Uniform Estimator Eee276
1. **Problem Statement:**
Given $X_1, X_2, \ldots, X_n$ are i.i.d. Uniform$(0, \theta)$ random variables, and an estimator $\hat{\theta} = \frac{k}{n} \sum_{i=1}^n X_i$, determine which options about $\hat{\theta}$ are correct.
2. **Recall properties of Uniform$(0, \theta)$:**
- $E[X_i] = \frac{\theta}{2}$
- $\mathrm{Var}(X_i) = \frac{\theta^2}{12}$
3. **Calculate $E[\hat{\theta}]$:**
$$
E[\hat{\theta}] = E\left[ \frac{k}{n} \sum_{i=1}^n X_i \right] = \frac{k}{n} \sum_{i=1}^n E[X_i] = \frac{k}{n} \cdot n \cdot \frac{\theta}{2} = \frac{k \theta}{2}
$$
4. **Check unbiasedness:**
$\hat{\theta}$ is unbiased if $E[\hat{\theta}] = \theta$, so
$$
\frac{k \theta}{2} = \theta \implies k = 2
$$
Thus, $\hat{\theta}$ is unbiased if and only if $k=2$.

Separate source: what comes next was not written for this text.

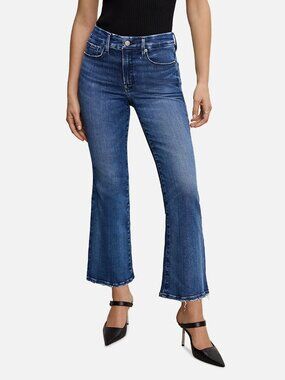 Good American Women's Blue Good Legs Cropped Mini Bootcut Jeans Pants Size 15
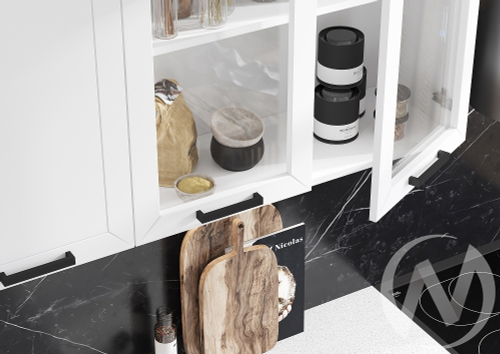 Кухня Монако 1;6м (белый/белый снег софт; графит софт/антарес) Компоновка №1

5. **Calculate $\mathrm{Var}(\hat{\theta})$:**
Since $X_i$ are independent,
$$
\mathrm{Var}(\hat{\theta}) = \mathrm{Var}\left( \frac{k}{n} \sum_{i=1}^n X_i \right) = \left( \frac{k}{n} \right)^2 \sum_{i=1}^n \mathrm{Var}(X_i) = \frac{k^2}{n^2} \cdot n \cdot \frac{\theta^2}{12} = \frac{k^2 \theta^2}{12 n}
$$
6. **Evaluate risk for $k=2$:**
Risk (mean squared error) for unbiased estimator equals variance,
$$
\mathrm{Risk} = \mathrm{Var}(\hat{\theta}) = \frac{4 \theta^2}{12 n} = \frac{\theta^2}{3 n}
$$
This is not equal to $\frac{\theta^2}{9}$ unless $n=3$.
7. **Check the options:**
- $E[\hat{\theta}] = k \cdot \frac{n(n+1)}{2} E[X_1]$ is incorrect because $E[\hat{\theta}] = \frac{k \theta}{2}$, no $n(n+1)/2$ factor.
- $\hat{\theta}$ is unbiased if and only if $k=2$ is correct.
- $\mathrm{Var}(\hat{\theta}) = \frac{k^2}{n} \cdot \frac{\theta^2}{12}$ is correct.
- $E[\hat{\theta}] = \theta$ for all $k$ is incorrect.
- Risk $= \frac{\theta^2}{9}$ for $k=2$ is incorrect unless $n=3$, so generally false.
**Final answers:** Only the second and third options are correct.